▶ [Assignment] Reproduce the records below exactly, leaving their images out.
Data for processing START
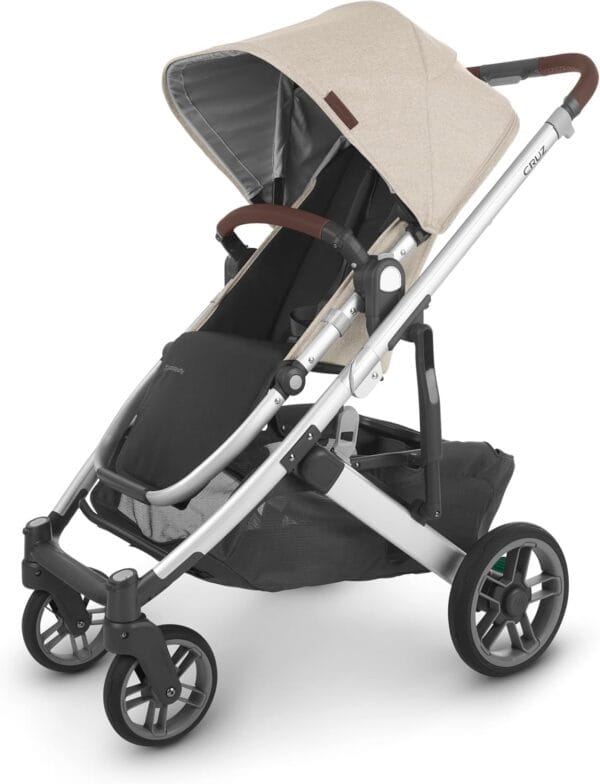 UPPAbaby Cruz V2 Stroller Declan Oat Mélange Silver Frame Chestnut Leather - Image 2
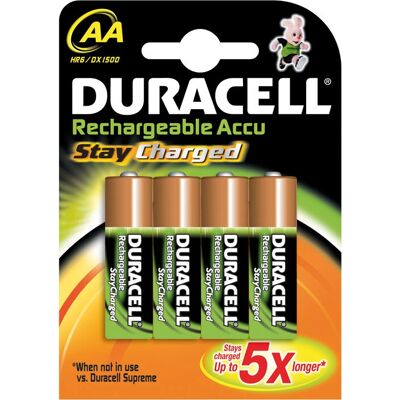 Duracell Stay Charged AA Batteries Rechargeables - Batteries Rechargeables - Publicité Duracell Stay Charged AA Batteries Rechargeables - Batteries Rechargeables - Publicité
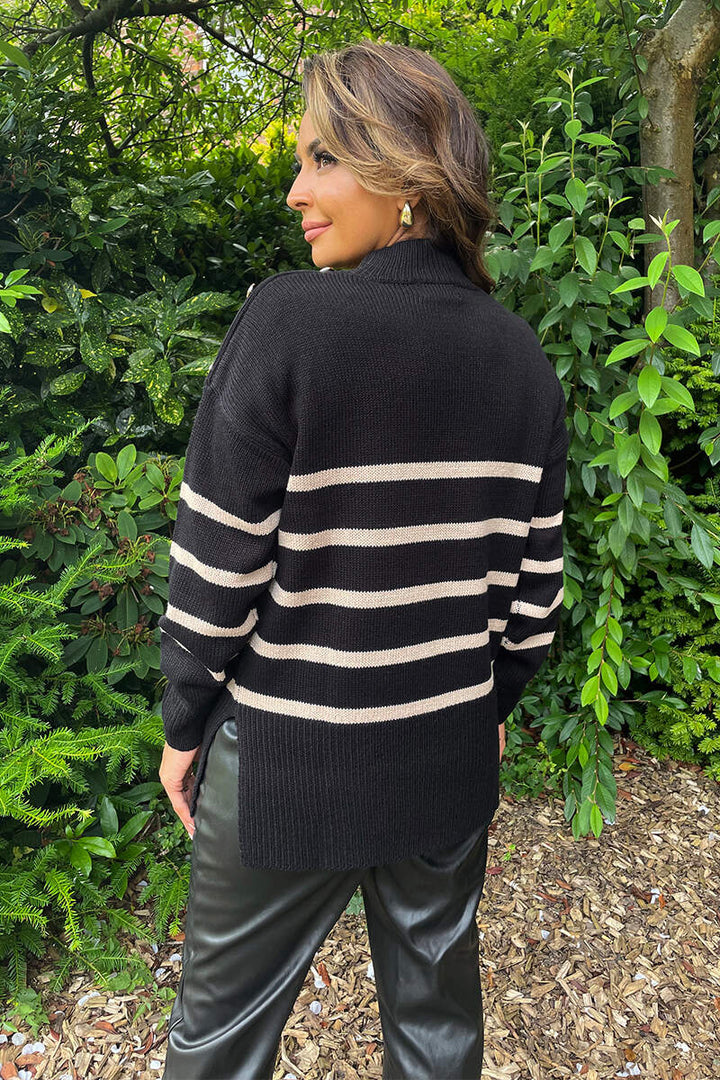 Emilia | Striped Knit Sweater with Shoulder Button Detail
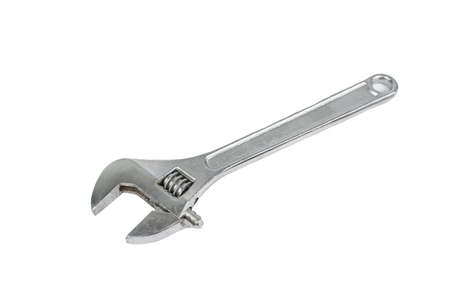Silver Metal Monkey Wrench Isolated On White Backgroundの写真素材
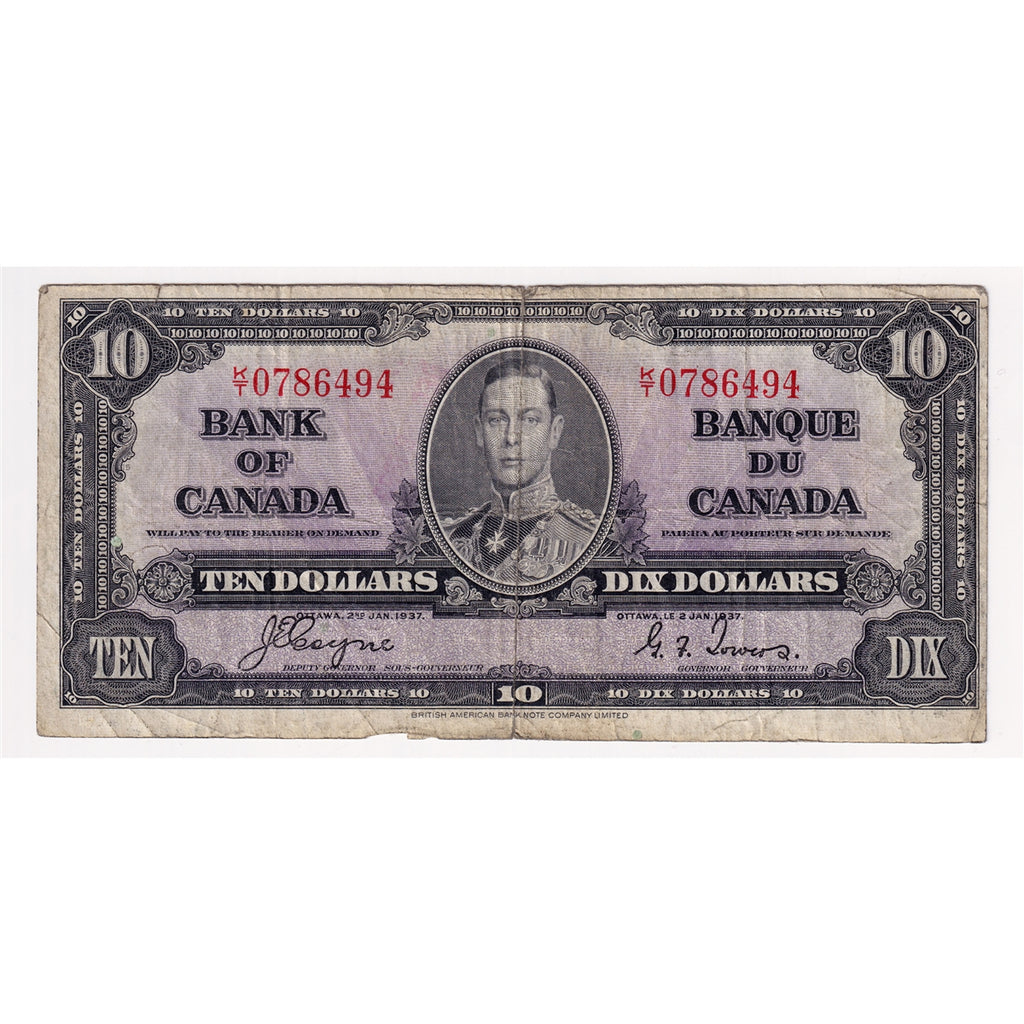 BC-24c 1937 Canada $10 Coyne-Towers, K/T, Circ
Data for processing END
▶ [Exercise response]
 UPPAbaby Cruz V2 Stroller Declan Oat Mélange Silver Frame Chestnut Leather - Image 2
 Duracell Stay Charged AA Batteries Rechargeables - Batteries Rechargeables - Publicité Duracell Stay Charged AA Batteries Rechargeables - Batteries Rechargeables - Publicité
 Emilia | Striped Knit Sweater with Shoulder Button Detail
Silver Metal Monkey Wrench Isolated On White Backgroundの写真素材
 BC-24c 1937 Canada $10 Coyne-Towers, K/T, Circ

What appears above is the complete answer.